| AIM OF THE TASK |
Return the lines of the data below, from the one containing "Ramona Properrites for Rent 24610 Pappas Rd" through the very last, exactly and with both ends included; no pictures.

** Opening STORED DATA block **

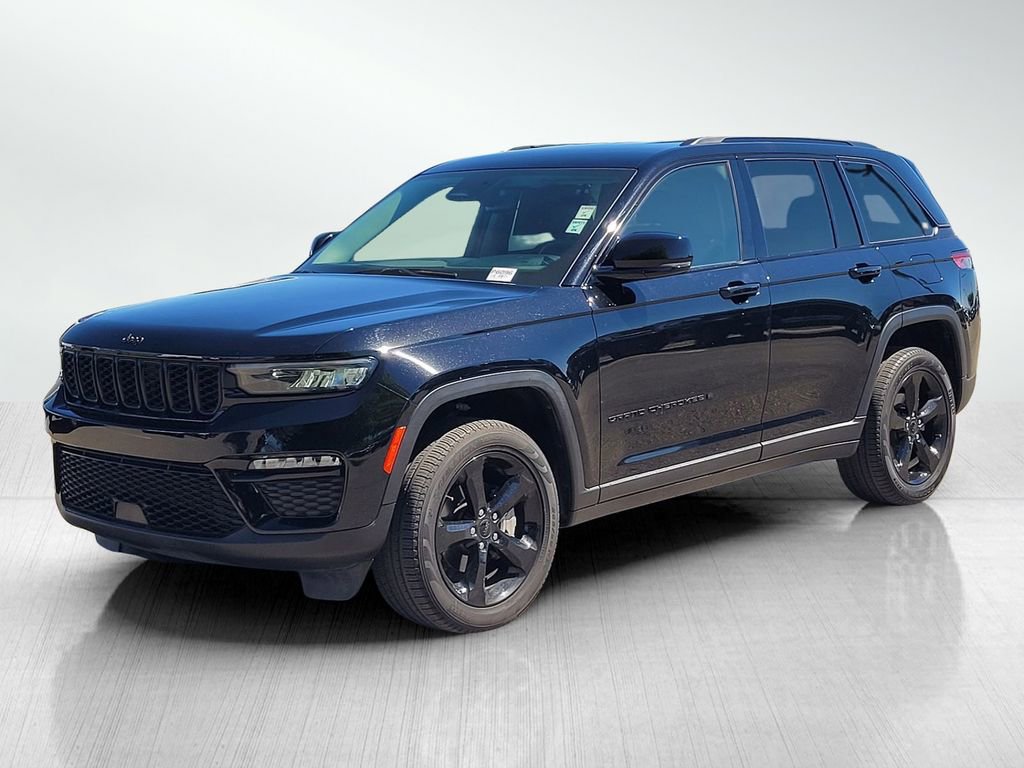 Used 2023 Jeep Grand Cherokee Limited w/ Black Appearance Package image 8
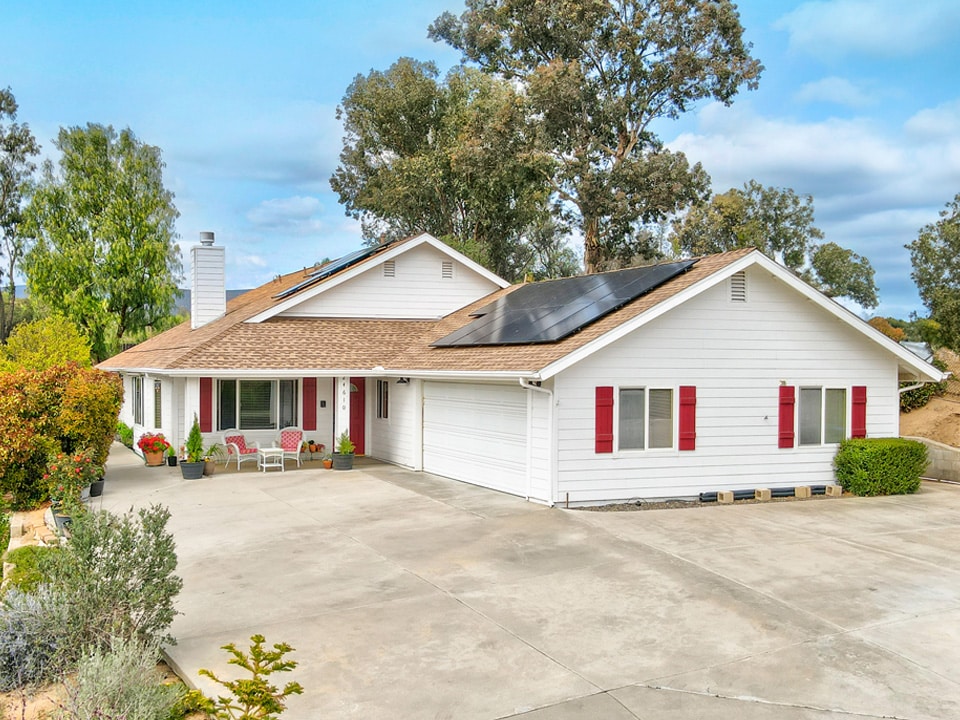 Ramona Properrites for Rent 24610 Pappas Rd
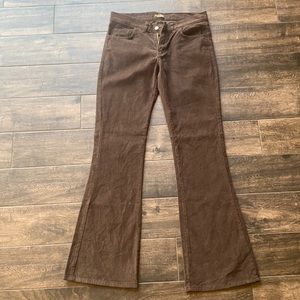 Run and fly bell bottom cords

** Closing STORED DATA block **

| OUTPUT BELOW |
 Ramona Properrites for Rent 24610 Pappas Rd
 Run and fly bell bottom cords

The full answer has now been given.